Work item:
Using the entries below, transcribe exactly the line containing "Pochette Metis Bag" and each line that follows it to the end.

++++ Data for analysis ++++

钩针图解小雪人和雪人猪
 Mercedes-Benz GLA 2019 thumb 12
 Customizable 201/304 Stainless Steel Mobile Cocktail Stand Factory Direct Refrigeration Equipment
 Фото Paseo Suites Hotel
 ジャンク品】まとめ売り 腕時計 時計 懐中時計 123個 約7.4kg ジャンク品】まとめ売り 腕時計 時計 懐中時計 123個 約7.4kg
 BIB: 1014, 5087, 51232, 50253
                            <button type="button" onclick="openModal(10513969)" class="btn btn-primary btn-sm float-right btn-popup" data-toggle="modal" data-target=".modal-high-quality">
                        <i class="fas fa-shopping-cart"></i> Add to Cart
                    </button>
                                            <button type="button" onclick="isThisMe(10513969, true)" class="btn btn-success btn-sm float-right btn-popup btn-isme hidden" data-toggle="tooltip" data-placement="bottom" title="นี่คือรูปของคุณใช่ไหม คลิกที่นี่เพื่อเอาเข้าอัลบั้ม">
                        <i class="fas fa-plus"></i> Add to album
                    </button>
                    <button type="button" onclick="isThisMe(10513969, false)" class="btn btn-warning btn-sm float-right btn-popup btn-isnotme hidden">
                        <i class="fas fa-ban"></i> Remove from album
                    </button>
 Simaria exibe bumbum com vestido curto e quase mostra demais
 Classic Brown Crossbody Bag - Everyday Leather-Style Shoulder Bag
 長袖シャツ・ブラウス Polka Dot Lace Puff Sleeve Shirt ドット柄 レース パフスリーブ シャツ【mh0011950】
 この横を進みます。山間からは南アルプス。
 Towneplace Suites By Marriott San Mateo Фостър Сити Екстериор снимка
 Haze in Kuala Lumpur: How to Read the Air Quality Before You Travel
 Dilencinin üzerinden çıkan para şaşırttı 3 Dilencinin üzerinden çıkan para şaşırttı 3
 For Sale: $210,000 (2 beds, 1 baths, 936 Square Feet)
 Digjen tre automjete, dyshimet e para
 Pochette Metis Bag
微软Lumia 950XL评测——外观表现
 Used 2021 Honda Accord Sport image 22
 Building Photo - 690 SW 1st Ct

++++

Solution for this task:
 Pochette Metis Bag
微软Lumia 950XL评测——外观表现
 Used 2021 Honda Accord Sport image 22
 Building Photo - 690 SW 1st Ct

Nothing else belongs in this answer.